La gouvernance de droite se trouve confrontée à un déficit commercial de plus en plus inquiétant (22, 936 milliards d’euros en 2005, 29, 211 milliards en 2006) qui est la conséquence de la désindustrialisation et de l’euro fort. Madame Lagarde, ministre en charge du commerce extérieur, reconnaît que nous avions moins d’entreprises exportatrices qu’en l’an 2000 mais avoue qu’elle n’a pas de « réponse définitive » à ce « vrai sujet de préoccupation ». Quant à l’euro, le gouvernement français pouvait invoquer le référendum de 2005 pour exiger une révision radicale de la politique monétaire en zone euro. Mais il a choisi, là encore, de ne rien faire. Contrairement à ce qu’affirme depuis des années la propagande patronale, ce n’est pas la France qui est paresseuse, mais la gouvernance ; ce ne sont pas les Français qui ont peur des réformes mais les fiers-à-bras qui invoquent le patriotisme économique et qui n’osent pas déclencher une crise salutaire dans l’Union européenne.

Quant au chômage, la seule politique suivie est celle de la manipulation et de l’occultation. Fin janvier, nous avons appris que l’INSEE reportait au mois d’octobre la publication des chiffres annuels du chômage qui a d’ordinaire lieu en mars.

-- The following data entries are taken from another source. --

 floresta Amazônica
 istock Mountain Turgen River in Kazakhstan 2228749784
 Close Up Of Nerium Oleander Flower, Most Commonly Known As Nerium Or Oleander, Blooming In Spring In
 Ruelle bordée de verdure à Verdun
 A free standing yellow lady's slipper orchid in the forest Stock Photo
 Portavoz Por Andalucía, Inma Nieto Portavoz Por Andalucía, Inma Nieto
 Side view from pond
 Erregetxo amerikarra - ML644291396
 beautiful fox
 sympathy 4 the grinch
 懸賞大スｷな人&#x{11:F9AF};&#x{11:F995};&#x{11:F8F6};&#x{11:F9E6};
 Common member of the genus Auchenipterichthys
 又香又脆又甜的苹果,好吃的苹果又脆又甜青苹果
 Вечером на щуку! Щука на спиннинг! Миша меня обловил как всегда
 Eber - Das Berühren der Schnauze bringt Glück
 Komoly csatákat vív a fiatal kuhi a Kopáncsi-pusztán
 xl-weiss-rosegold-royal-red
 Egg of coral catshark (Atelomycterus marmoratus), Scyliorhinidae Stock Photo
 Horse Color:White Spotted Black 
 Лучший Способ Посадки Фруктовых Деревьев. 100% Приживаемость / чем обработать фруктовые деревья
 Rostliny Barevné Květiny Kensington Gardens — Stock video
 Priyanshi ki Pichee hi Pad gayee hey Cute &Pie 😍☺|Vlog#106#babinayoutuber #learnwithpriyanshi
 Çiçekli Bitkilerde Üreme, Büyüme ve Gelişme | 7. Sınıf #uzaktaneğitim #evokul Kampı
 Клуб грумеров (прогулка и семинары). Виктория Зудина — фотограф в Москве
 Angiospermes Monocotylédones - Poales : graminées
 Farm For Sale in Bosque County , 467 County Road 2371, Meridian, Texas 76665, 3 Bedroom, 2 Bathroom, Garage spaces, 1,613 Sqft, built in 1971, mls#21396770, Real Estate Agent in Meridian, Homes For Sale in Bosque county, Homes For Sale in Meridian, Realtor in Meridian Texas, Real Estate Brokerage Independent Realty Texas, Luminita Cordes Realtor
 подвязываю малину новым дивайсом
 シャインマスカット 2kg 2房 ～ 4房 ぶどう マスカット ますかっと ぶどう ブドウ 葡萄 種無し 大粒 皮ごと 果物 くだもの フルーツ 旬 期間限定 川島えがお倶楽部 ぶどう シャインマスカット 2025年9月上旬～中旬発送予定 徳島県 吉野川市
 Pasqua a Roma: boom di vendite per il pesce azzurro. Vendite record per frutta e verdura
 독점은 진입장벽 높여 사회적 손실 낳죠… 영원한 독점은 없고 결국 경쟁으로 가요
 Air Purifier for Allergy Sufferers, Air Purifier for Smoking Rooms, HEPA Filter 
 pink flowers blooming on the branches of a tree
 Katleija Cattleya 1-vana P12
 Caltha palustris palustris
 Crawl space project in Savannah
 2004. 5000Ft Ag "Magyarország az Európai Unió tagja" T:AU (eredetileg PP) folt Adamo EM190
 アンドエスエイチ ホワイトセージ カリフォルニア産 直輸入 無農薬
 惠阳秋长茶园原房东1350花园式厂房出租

Cette manœuvre misérable n’a pas empêché la diffusion de chiffres officieux qui montrent que la gouvernance a perdu la bataille des statistiques sur l’emploi – le nombre de chômeurs effectifs étant à tous égards accablant.

Il faut que Nicolas Sarkozy s’explique sur cet échec, qui est son héritage. Il faut qu’il dise aux Français, autrement que par les formules creuses des discours qu’on rédige pour lui, comment il compte rétablir notre situation économique et sociale.

Comme la plupart de ceux qui ont voté Non au référendum de 2005, nous tenons pour inutile ou fâcheux tout candidat qui ne se prononcerait pas clairement pour une reconstruction de l’Union européenne incluant le contrôle politique de la BCE, l’instauration d’un nouveau tarif extérieur commun ; pour la planification souple du développement industriel national et la nationalisation des secteurs clés ; pour l’augmentation massive des salaires dans le cadre d’une nouvelle politique des revenus.

Telle est la première liste des critères qui nous permettront de faire notre choix.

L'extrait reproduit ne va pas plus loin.